Seli mengerutkan kening mendengar tuduhan dari Marmi. Bagaimana tidak? Dia sama sekali tidak merasa menggoda Parjo.

"Godain suami Bu Marmi? Astaga, kurang kerjaan banget sih saya godain suami Ibu? Lagian laki-laki yang lebih tampan dan banyak duitnya di luar sana banyak, Bu."

"Halah, kamu pikir suamiku ini tidak tampan dan banyak duit? Suamiku ini sudah jelas ketampanannya dan banyak duitnya. Kamu jangan salah ya menilai Parjo!"

Seli menggelengkan kepala. Dia menatap wajah Parjo yang menurutnya sama sekali tidak tampan seperti yang istrinya katakan. Bahkan tidak ada bandingannya dengan ketampanan Bara.

"Marmi, sudah ya. Kita pulang saja. Takut nanti tetangga sampai tahu dan pada kesini."

"Apaan sih kamu, Pak. Aku ini belum selesai ngomong sama janda genit ini."

Seli mendengus mendengar julukan Marmi padanya. Bagaimana tidak? Marmi adalah satu-satunya orang yang menjulukinya janda genit.
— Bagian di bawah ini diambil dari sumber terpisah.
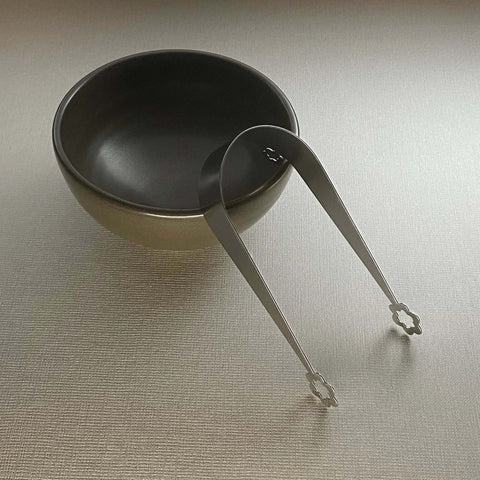 Flowers serving tongs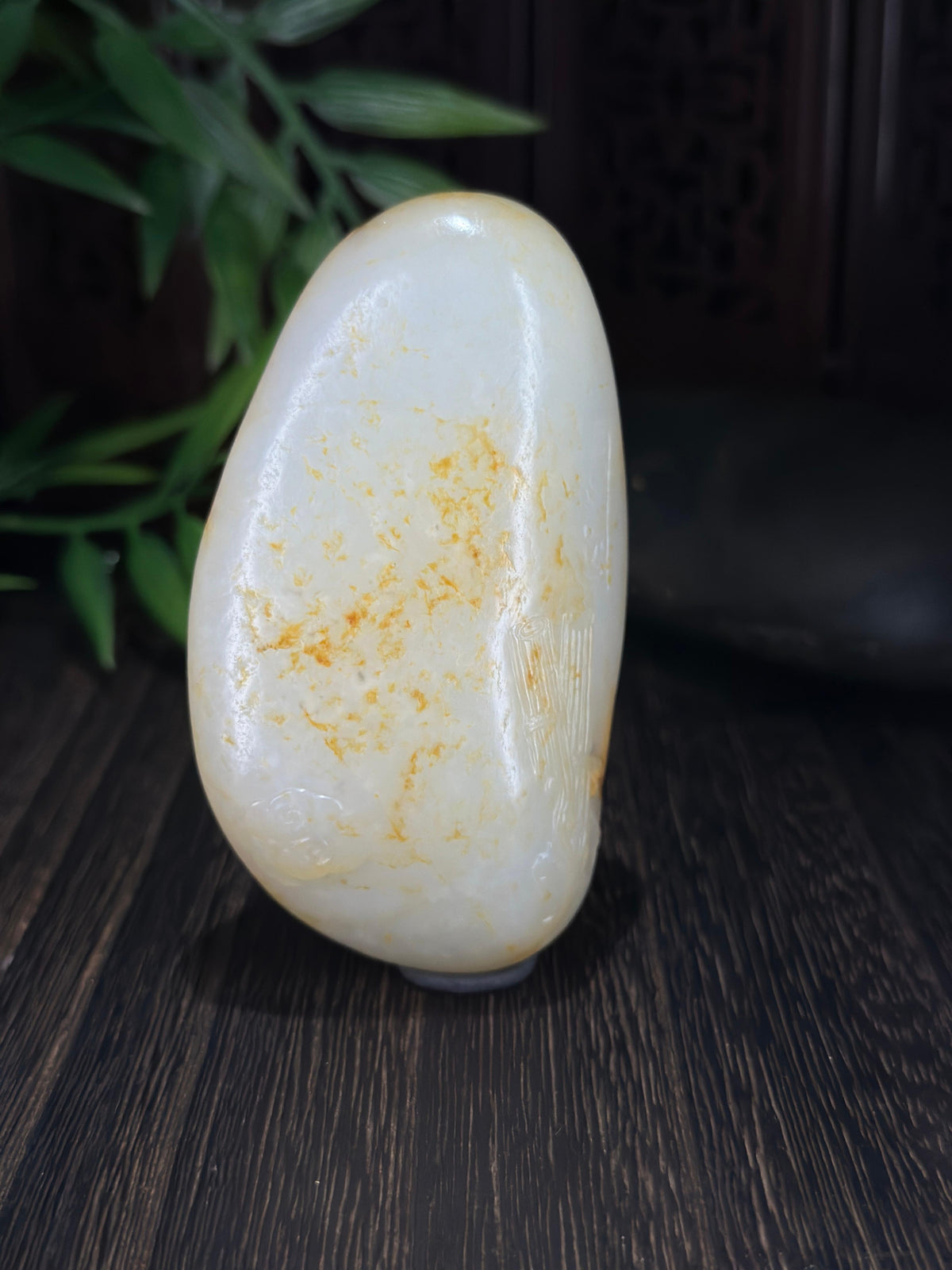 新疆和田玉珍品白玉洒金皮籽料双龙戏珠手把件（yc712105）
"Benar, Pak Parjo. Mending bapak ajak istri anda ini pulang karena saya mau istirahat!" ujar Seli.

"I-iya, Seli."

"Pak, kamu ini apa-apan sih?"

Parjo memberanikan diri untuk menyeret istrinya pulang ke rumah. Sebelum akhirnya tetangga akan ke rumah Seli dan semakin ramai.

"Sudah-sudah, kita selesaikan di rumah," ujar Parjo.

"Nggak bisa, Pak! Aku harus selesaikan urusanku dulu sama dia!"

PArjo tetap menarik Marmi pulang meski istrinya itu menolaknya.

"Lepaskan aku!" teriak Marmi yang mencoba memberontak suaminya.